● Material for the task:
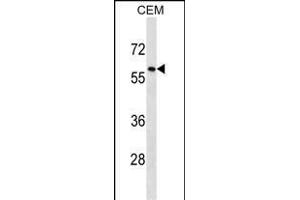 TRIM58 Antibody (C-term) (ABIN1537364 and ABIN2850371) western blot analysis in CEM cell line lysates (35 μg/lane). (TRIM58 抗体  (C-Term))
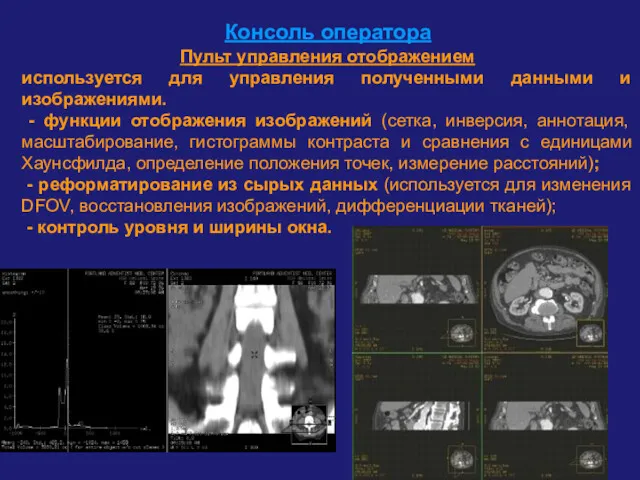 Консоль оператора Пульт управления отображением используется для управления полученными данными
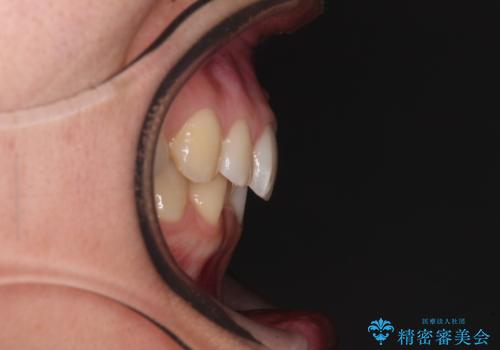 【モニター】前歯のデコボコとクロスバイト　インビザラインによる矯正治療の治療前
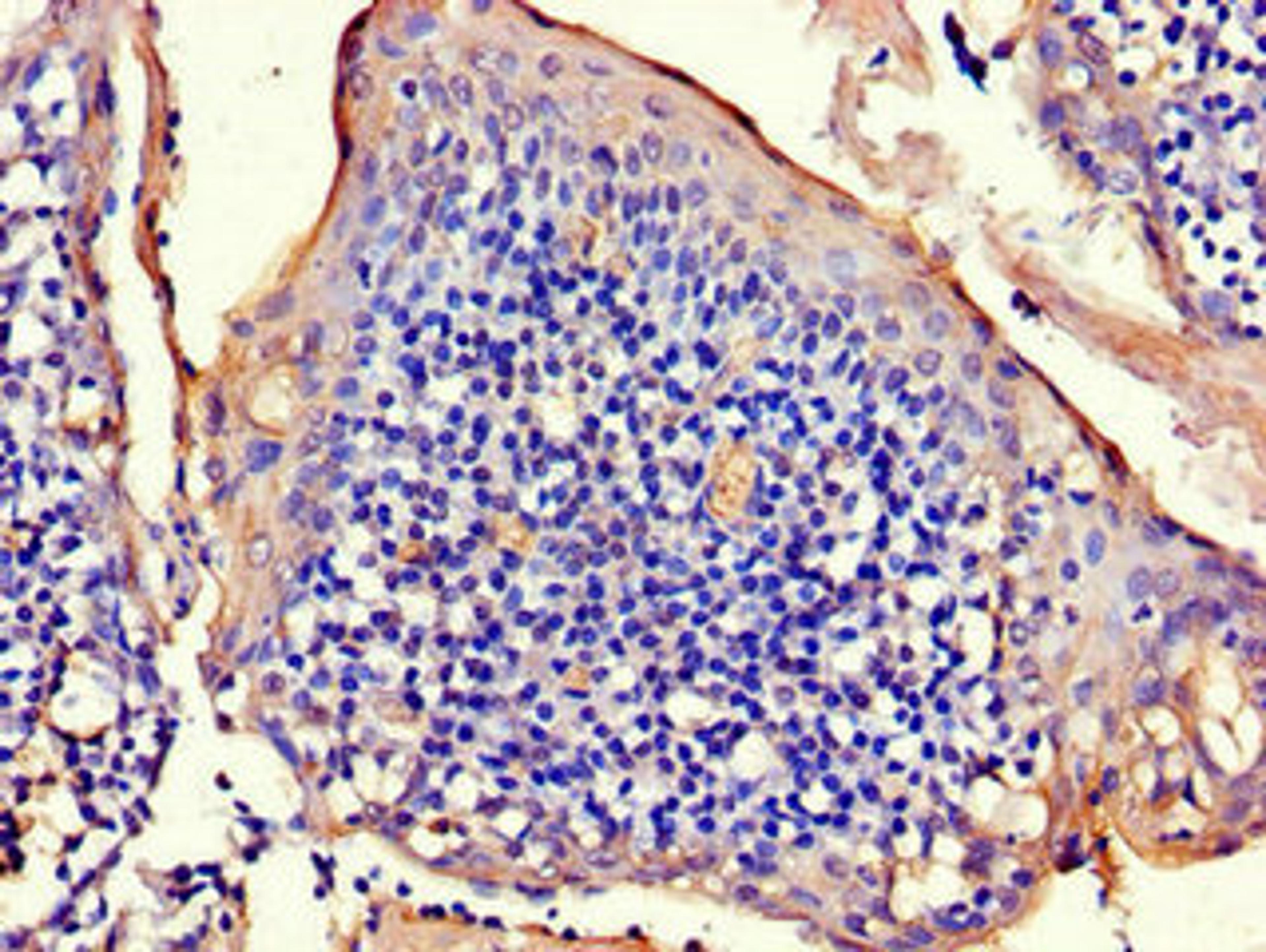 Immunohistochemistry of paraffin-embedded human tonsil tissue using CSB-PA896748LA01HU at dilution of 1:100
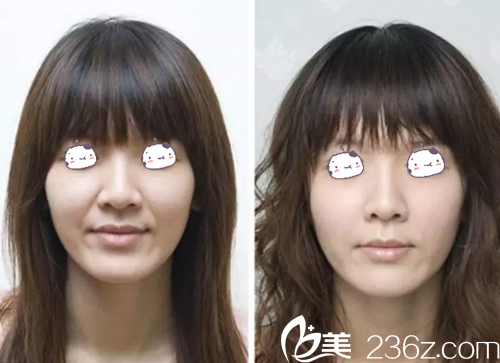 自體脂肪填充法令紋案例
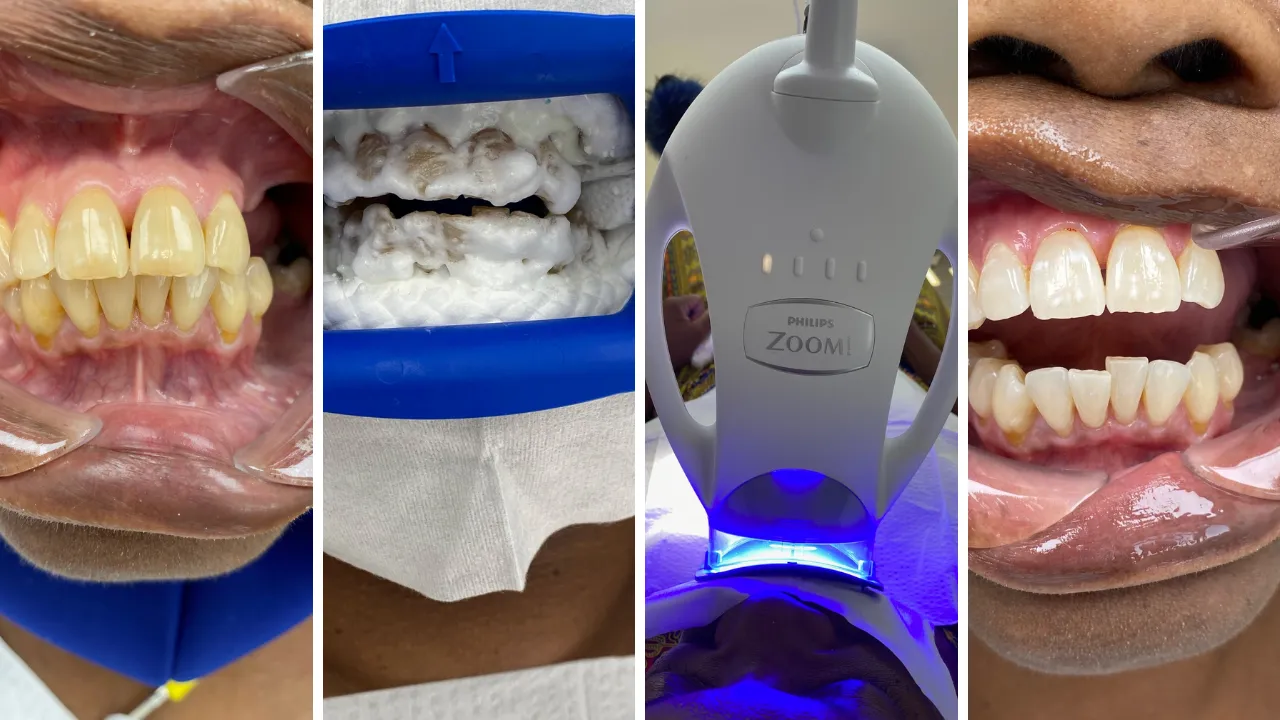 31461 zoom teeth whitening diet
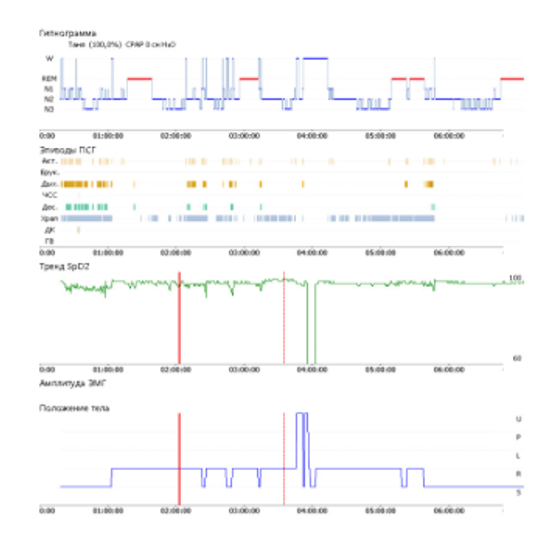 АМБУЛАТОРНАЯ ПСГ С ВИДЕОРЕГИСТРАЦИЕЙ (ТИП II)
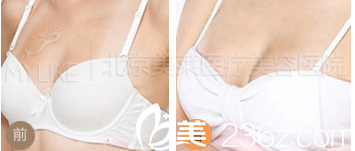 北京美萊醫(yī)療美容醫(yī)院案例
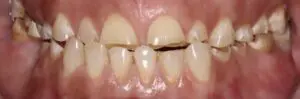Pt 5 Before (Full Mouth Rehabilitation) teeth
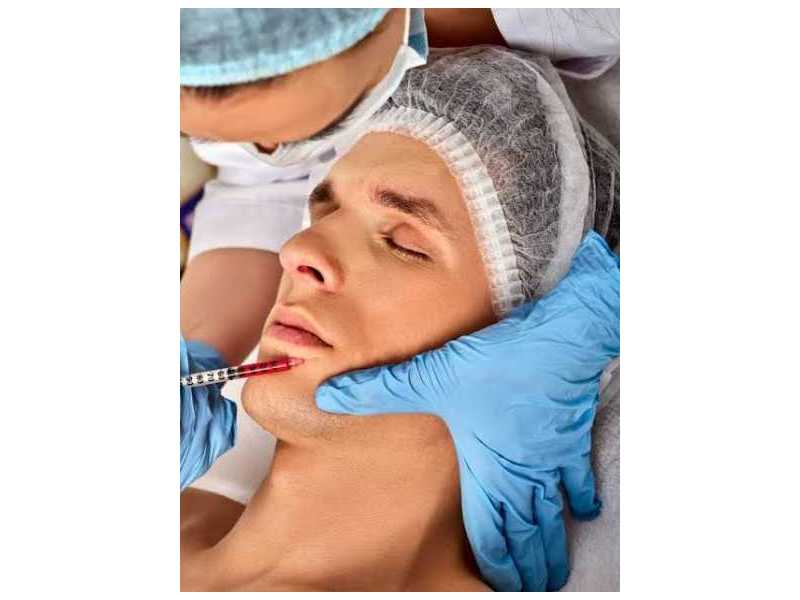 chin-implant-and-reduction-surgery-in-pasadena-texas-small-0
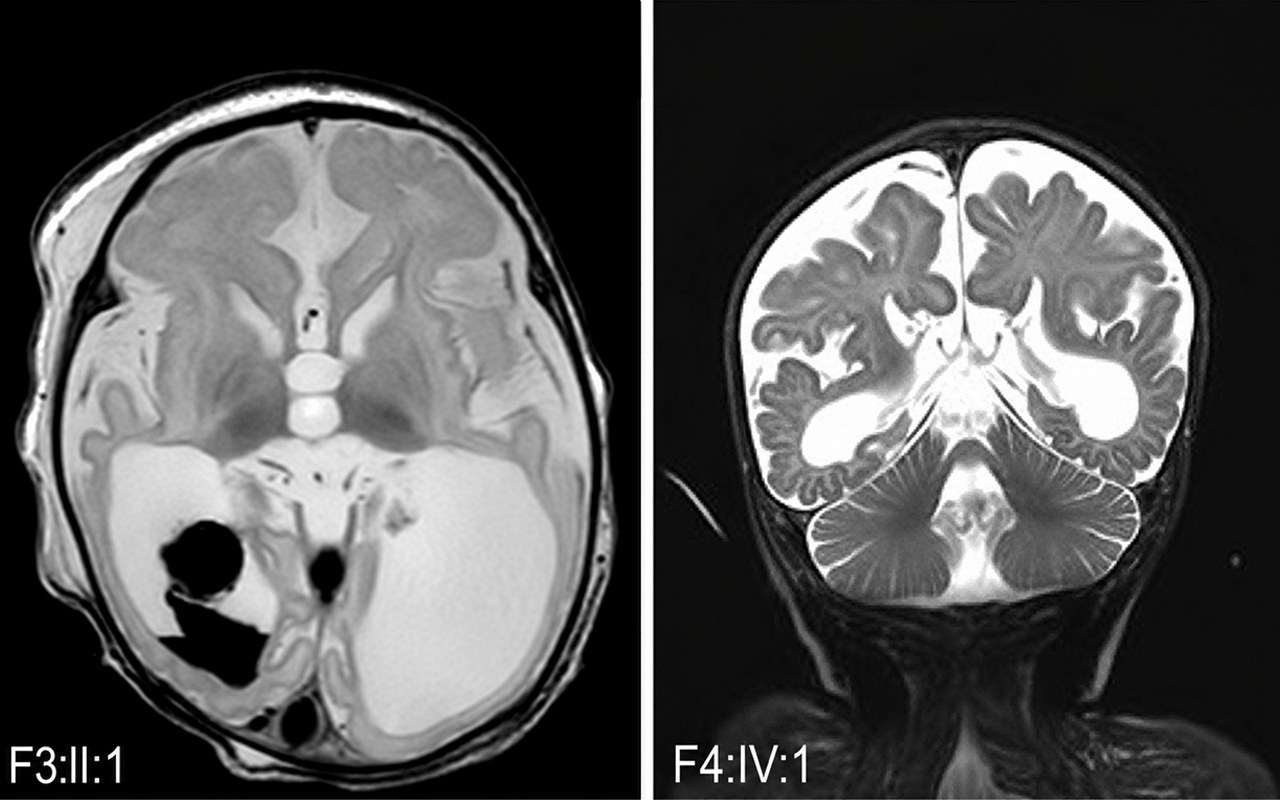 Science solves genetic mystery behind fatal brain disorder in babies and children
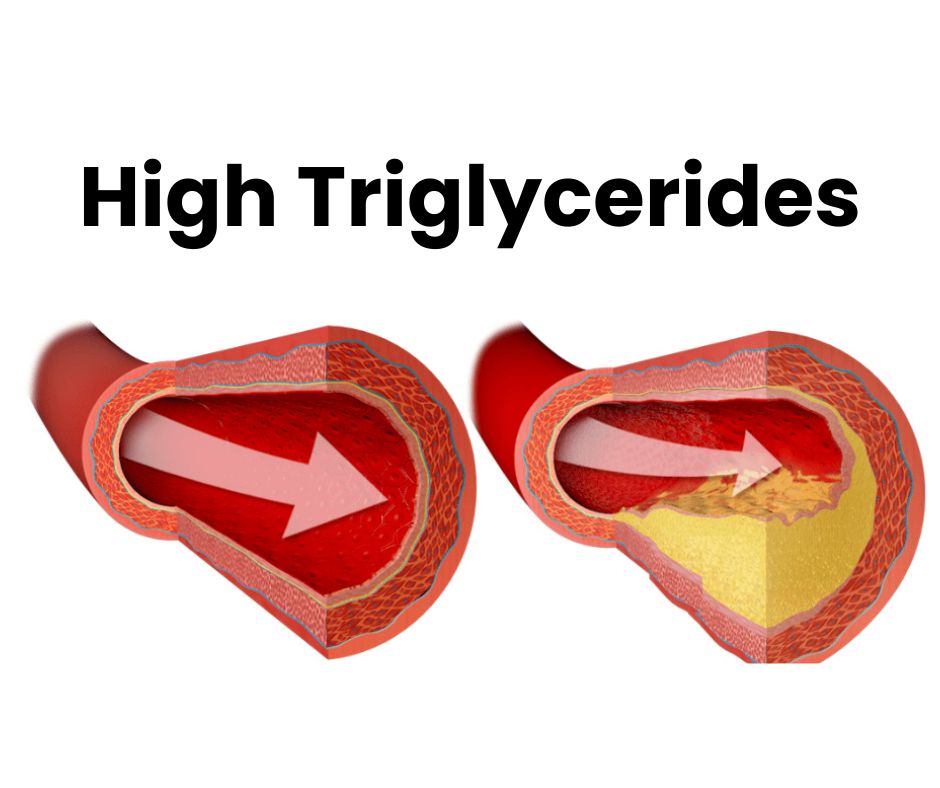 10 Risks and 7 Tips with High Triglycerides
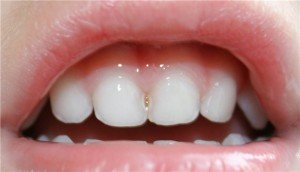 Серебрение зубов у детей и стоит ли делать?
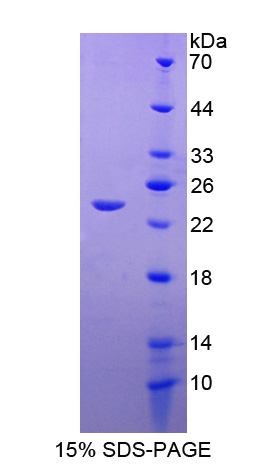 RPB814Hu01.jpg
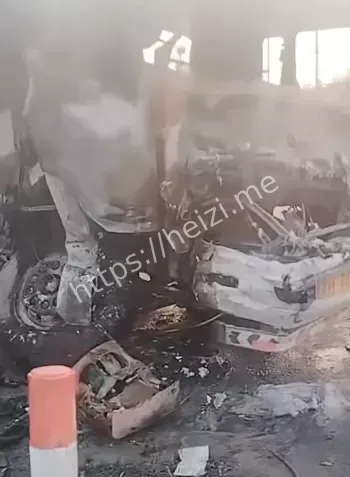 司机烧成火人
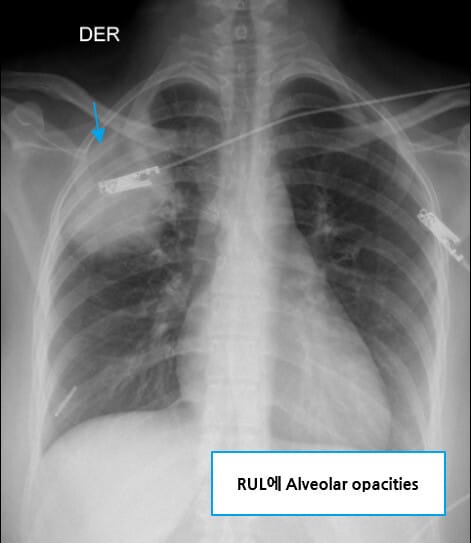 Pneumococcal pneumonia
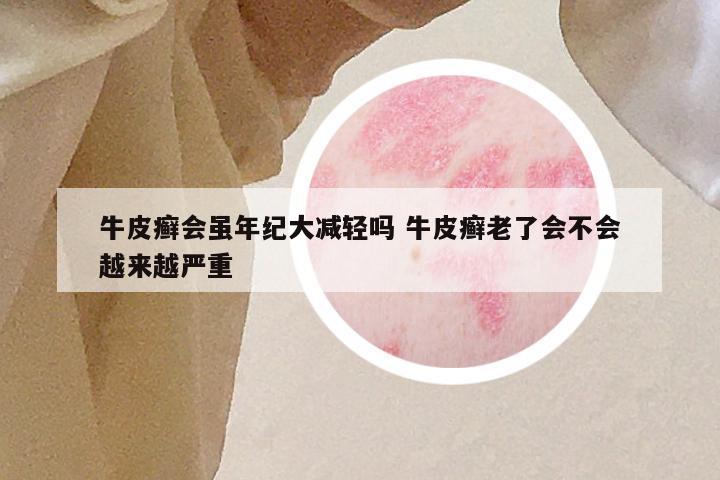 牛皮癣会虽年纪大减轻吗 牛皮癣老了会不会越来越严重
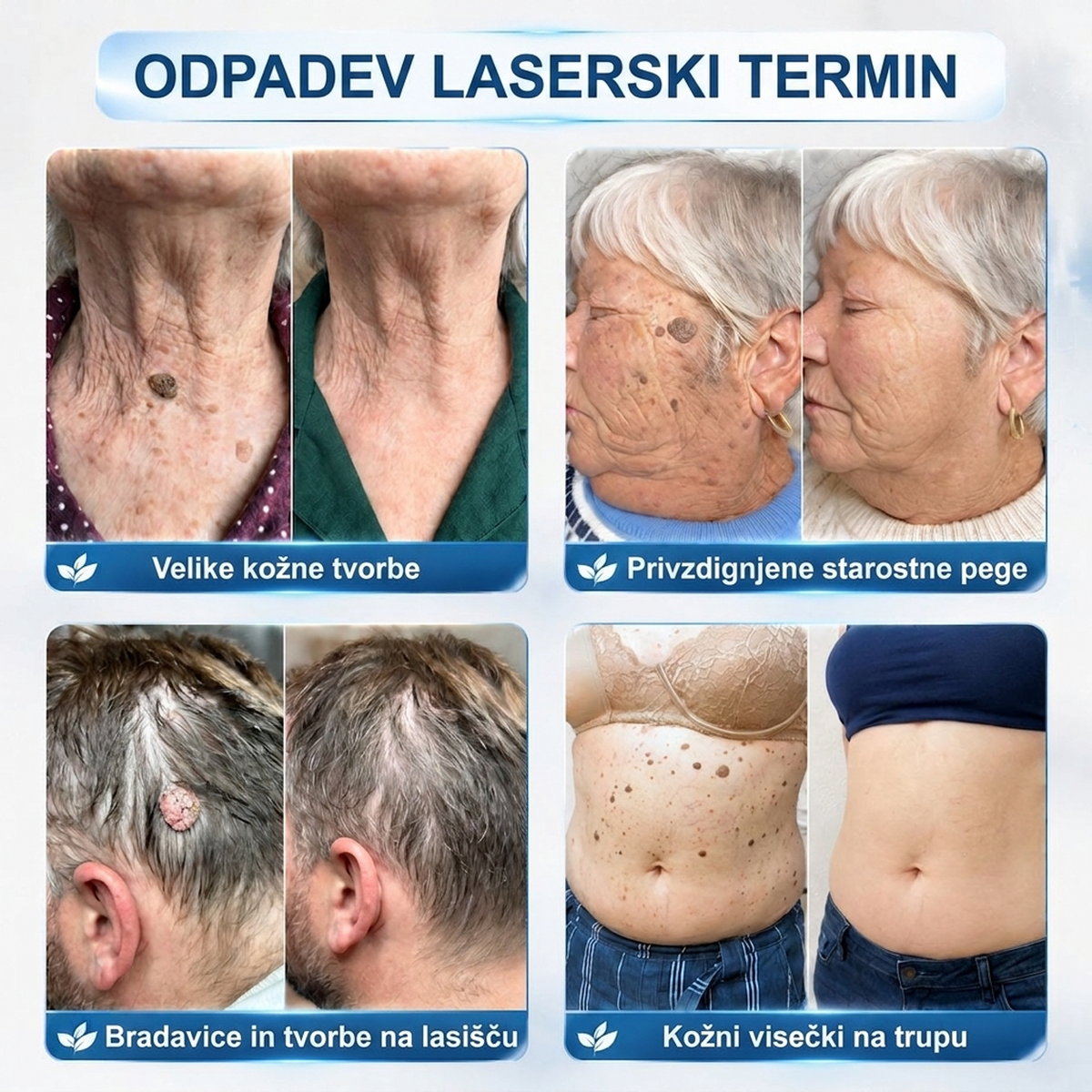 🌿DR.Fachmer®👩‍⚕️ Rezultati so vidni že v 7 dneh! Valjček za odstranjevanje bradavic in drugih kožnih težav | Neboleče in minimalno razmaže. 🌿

● Task prompt:
Output exactly the lines from the one containing "Pneumococcal pneumonia" through the last line of the records above, both included, leaving out any pictures.

● The answer:
 Pneumococcal pneumonia
 牛皮癣会虽年纪大减轻吗 牛皮癣老了会不会越来越严重
 🌿DR.Fachmer®👩‍⚕️ Rezultati so vidni že v 7 dneh! Valjček za odstranjevanje bradavic in drugih kožnih težav | Neboleče in minimalno razmaže. 🌿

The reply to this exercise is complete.